If you need an immediate solution to:
Setting A Button’s Caption
Setting A Button’s Background Color
Setting Button Text Color
Setting Button Fonts
Reacting To Button Clicks
Creating Button Control Arrays
Resetting The Focus After A Button Click
Giving Buttons Access Characters
Setting Button Tab Order
Disabling Buttons
Showing And Hiding Buttons
Adding Tool Tips To Buttons
Resizing And Moving Buttons From Code
Adding A Picture To A Button
Adding A Down Picture To A Button
Adding Buttons At Runtime
Passing Buttons To Procedures
Handling Button Releases
Making A Command Button Into A Cancel Button
Getting A Checkbox’s State
Setting A Checkbox’s State
Grouping Option Buttons Together
Getting An Option Button’s State
Setting An Option Button’s State
Using Graphical Checkboxes And Radio Buttons
Using Checkboxes And Option Buttons Together

In Depth
In this chapter, we’re going to take a look at what are arguably the most popular controls in Visual Basic: buttons. These include command buttons, checkboxes, and option buttons.
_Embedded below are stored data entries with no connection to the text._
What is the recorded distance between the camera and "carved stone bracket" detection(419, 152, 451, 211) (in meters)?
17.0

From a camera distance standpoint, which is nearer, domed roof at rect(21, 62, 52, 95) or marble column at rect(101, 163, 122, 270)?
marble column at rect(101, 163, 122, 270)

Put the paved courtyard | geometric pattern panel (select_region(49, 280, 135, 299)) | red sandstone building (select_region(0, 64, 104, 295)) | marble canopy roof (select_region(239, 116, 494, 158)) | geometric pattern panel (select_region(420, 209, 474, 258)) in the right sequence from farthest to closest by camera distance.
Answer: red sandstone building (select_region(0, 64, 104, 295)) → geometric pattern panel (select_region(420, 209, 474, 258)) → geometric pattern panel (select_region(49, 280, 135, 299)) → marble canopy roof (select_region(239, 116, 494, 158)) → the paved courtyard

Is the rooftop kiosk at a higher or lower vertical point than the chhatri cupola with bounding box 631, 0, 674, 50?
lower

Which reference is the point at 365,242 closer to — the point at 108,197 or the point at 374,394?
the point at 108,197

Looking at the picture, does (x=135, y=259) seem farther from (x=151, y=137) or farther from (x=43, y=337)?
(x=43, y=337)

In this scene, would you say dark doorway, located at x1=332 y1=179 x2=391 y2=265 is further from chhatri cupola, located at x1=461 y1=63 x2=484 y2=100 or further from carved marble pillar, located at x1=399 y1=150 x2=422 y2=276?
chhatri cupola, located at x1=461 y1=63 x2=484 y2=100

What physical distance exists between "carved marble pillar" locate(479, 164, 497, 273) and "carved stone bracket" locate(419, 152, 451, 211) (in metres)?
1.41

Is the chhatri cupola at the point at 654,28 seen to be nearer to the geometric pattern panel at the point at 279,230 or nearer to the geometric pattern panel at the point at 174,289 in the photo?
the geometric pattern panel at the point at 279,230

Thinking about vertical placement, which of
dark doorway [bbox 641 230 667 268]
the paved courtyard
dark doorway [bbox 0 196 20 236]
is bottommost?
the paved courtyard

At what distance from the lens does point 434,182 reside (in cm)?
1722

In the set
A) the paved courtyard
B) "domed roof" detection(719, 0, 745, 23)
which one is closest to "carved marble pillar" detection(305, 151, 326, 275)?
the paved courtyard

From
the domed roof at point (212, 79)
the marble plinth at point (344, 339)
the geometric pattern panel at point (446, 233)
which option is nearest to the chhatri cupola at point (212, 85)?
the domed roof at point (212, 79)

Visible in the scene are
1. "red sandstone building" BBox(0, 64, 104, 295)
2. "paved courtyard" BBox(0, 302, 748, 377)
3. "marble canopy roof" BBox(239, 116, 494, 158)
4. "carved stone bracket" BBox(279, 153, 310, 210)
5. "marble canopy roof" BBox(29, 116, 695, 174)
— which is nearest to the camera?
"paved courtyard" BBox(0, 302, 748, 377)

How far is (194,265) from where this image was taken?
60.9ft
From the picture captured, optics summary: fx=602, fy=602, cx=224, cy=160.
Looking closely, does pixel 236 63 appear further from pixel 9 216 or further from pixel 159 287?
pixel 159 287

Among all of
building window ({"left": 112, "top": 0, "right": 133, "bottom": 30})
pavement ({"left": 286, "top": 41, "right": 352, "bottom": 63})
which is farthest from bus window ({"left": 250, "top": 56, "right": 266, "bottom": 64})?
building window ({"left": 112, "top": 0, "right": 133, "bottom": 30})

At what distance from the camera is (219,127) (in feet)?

Command buttons—the plain buttons that you simply click and release—are the most common type of buttons. These are the buttons you see everywhere in Visual Basic applications. They are usually just rounded, rectangular, gray buttons with a caption.
Checkboxes are also familiar controls. You click a checkbox to select it and click it again to deselect it. When you select a checkbox, a checkmark appears in it, indicating that the box is indeed selected.
Option buttons, also called radio buttons, are like checkboxes in that you select and deselect them. However, they are round, whereas checkboxes are square, and you usually use option buttons together in groups. In fact, that’s the functional difference between checkboxes and option buttons: checkboxes can work independently, but option buttons are intended to work in groups. When you select one option button in a group, the others are automatically deselected. For example, you might use checkboxes to select trimmings on a sandwich (of which there can be more than one), whereas you might use option buttons to let the user select one of a set of exclusive options, like the current day of the week.
You use tools in the toolbox to add command buttons, checkboxes, and option buttons to a form. In the toolbox in Figure 7.1, the Command Button tool is third down on the right, the Checkbox tool is fourth down on the left, and the Option Button tool is fourth down on the right.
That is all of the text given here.